Supongamos, entonces, que no se trata solo de triglicéridos, colesterol, carótidas, presión alta o baja. Ese discurso aburridor es plenamente efectivo y convincente para hacerle el quite a una bandeja de empanadas y padecer la eternidad en una máquina trotadora. Tampoco se trata de economía, pero ¿cada cuánto tiene que cambiar un gordo todo su ropero? , ¿cada cincuenta pizzas? , ¿cada cien malteadas? No se trata, de ninguna manera, de ser mejor porque no son mejores personas los delgados que los gordos, ni más inteligentes ni más talentosos. Para cada caso, y cada peso, hay ejemplos y excepciones.

Vamos reconociendo, más bien, que existe un animal desagradable, despiadado y feroz que se llama vejez.

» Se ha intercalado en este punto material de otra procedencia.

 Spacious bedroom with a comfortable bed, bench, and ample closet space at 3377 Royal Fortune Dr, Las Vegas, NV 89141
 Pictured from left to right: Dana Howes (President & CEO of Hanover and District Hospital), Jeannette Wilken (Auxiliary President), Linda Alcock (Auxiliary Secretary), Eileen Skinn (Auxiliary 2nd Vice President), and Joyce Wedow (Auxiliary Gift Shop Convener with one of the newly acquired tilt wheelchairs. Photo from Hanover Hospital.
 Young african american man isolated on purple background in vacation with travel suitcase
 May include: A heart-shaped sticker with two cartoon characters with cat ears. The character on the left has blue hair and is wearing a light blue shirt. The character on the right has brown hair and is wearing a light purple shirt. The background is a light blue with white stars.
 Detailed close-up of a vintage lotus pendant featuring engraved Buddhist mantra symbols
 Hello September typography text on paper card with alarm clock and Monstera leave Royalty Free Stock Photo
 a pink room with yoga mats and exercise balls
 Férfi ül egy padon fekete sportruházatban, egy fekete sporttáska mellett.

Y que ese animal nos devorará a todos, a gordos y a flacos, a ricos y a pobres, a los que lo tienen grande, mediano o chiquito. Para eso nacimos, para darle gusto a ese maldito animal.

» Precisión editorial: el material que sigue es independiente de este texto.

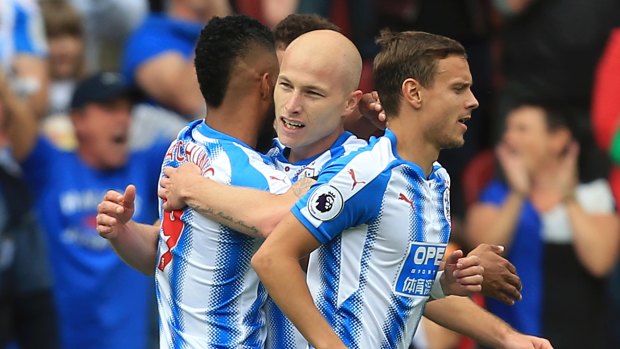 Huddersfield's Australian midfielder Aaron Mooy celebrates with teammates after scoring against Newcastle on Sunday.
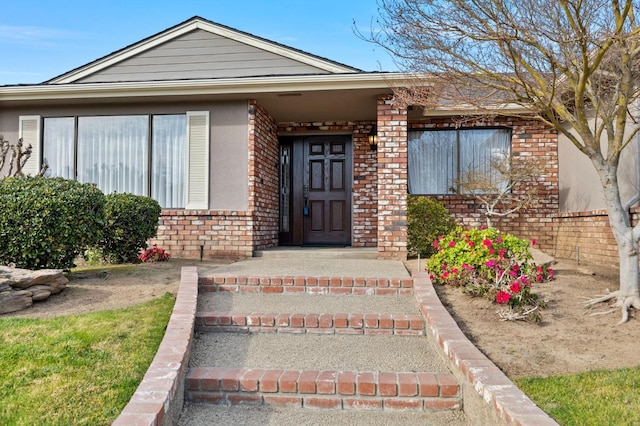 entrance to property with brick siding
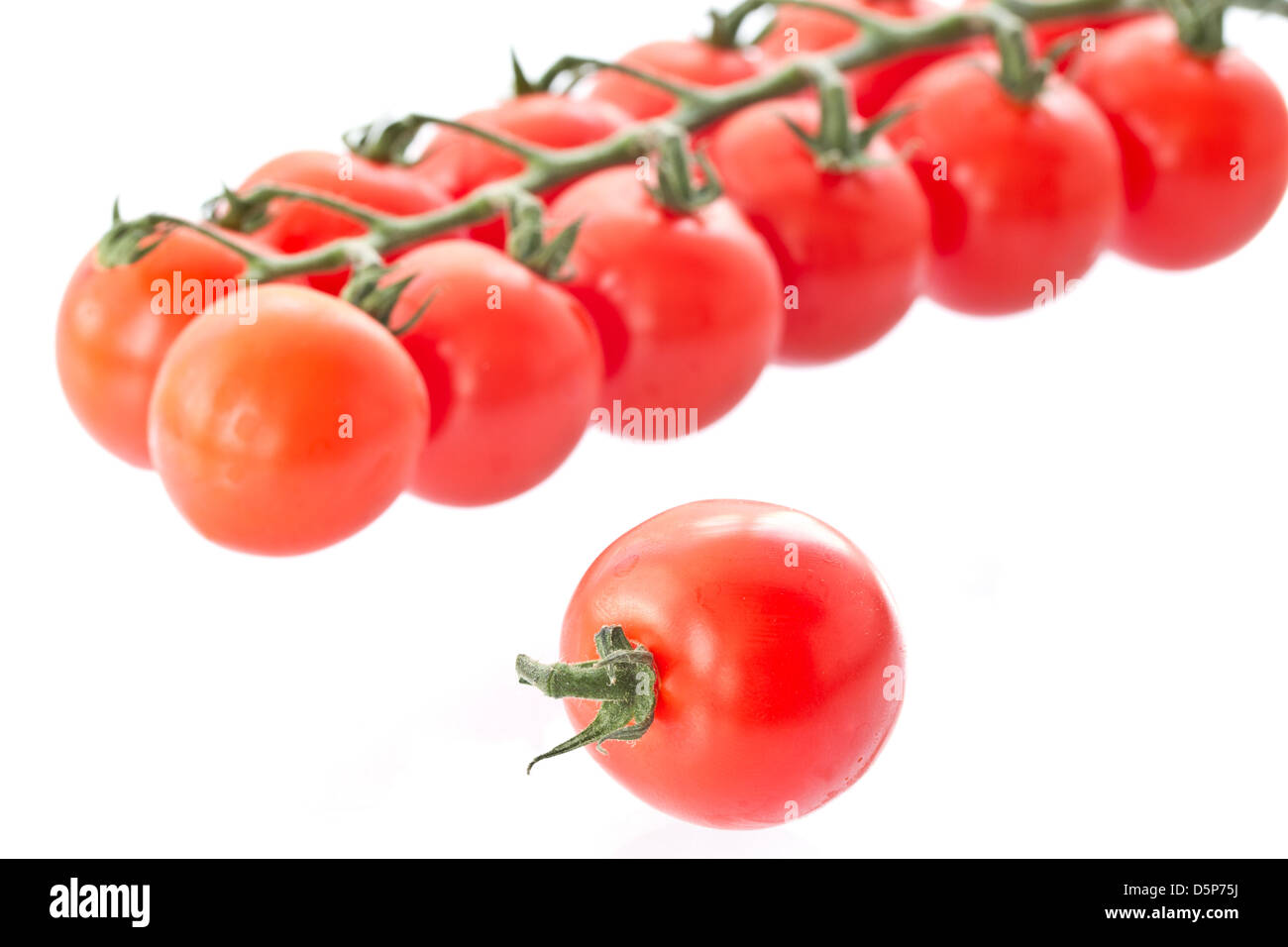ripe red tomatoes isolated on white background Stock Photo - Alamy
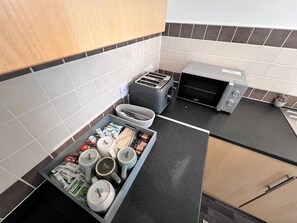 Une cuisine équipée d’un grille-pain, d’un four à micro-ondes et d’un tiroir contenant des ustensiles et des tasses.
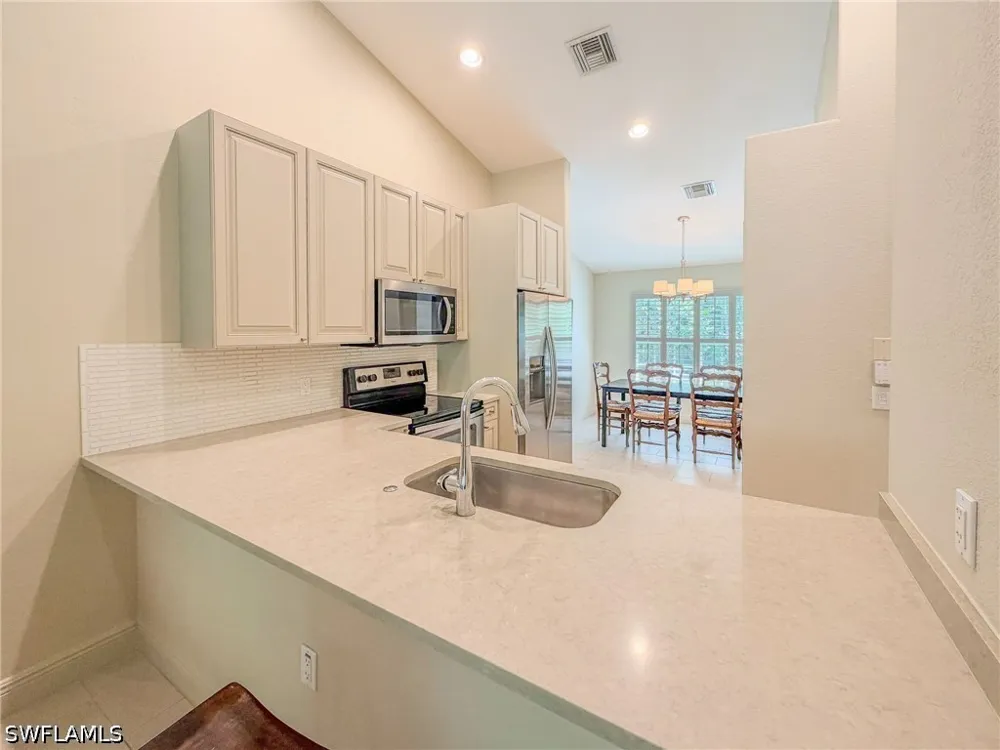 AVION WOODS COURT #104 Naples, FL 34104
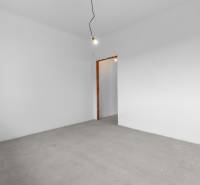 Empty room with white walls and a concrete floor in a family house.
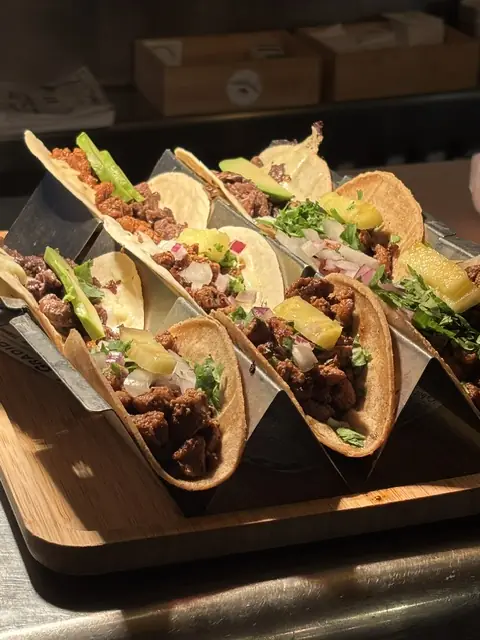 A row of soft-shell tacos filled with meat, avocado, chopped onion, cilantro, and pineapple, served in a wooden holder, at Taquerías Tamarindo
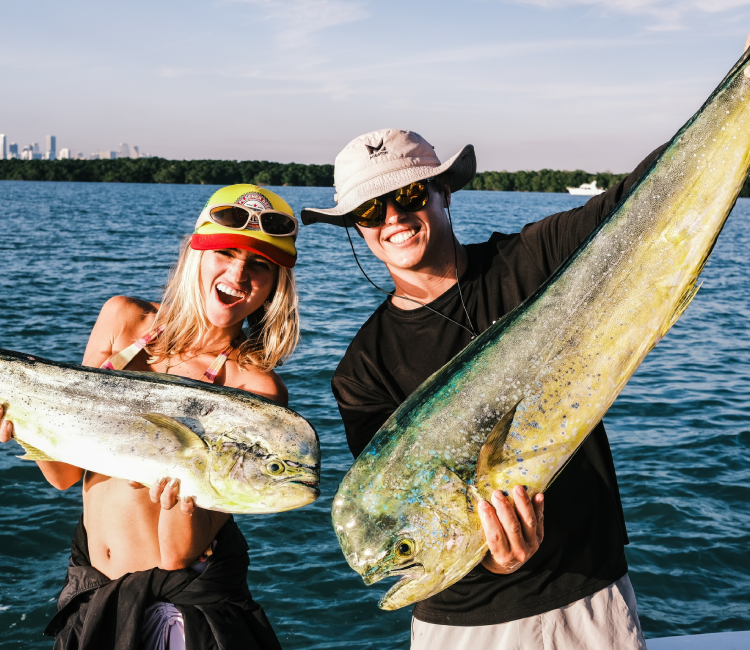A person showcasing a fish caught on a guided fishing trip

Digámoslo, entonces, sin hipocresía y de una vez: se trata, sobre todo, de vanidad. Pero la vanidad tiene muchas caras y la que predomina no es siempre la de verse bello. La idea es verse bien. Sentirse bien. No es fácil vivir con este cascarón que nos ha tocado soportar y llevar por cuerpo. Es menos fácil después de cierta edad. El animal nos gruñe desde la esquina, próximo a atacar. Somos, además, la piel y el pelo que nos quedan, la forma de mover las manos, el ritmo al andar, somos también el cuerpo que cargamos. No basta la inteligencia y menos ahora en tiempos de la inteligencia emocional. No basta el amor hacia los otros sino que hace falta una gran dosis de amor propio.

Sin embargo, ninguna de estas justificaciones es contundente. Hay mil argumentos para refutar la decisión de hacer algo bueno por nuestros cuerpos. Pero todo se podrá refutar menos la inefable emoción de mirarse al espejo, de cuerpo entero y de perfil, y saber que si el animal va a atacar, le tocará correr un poco más si quiere alcanzarnos.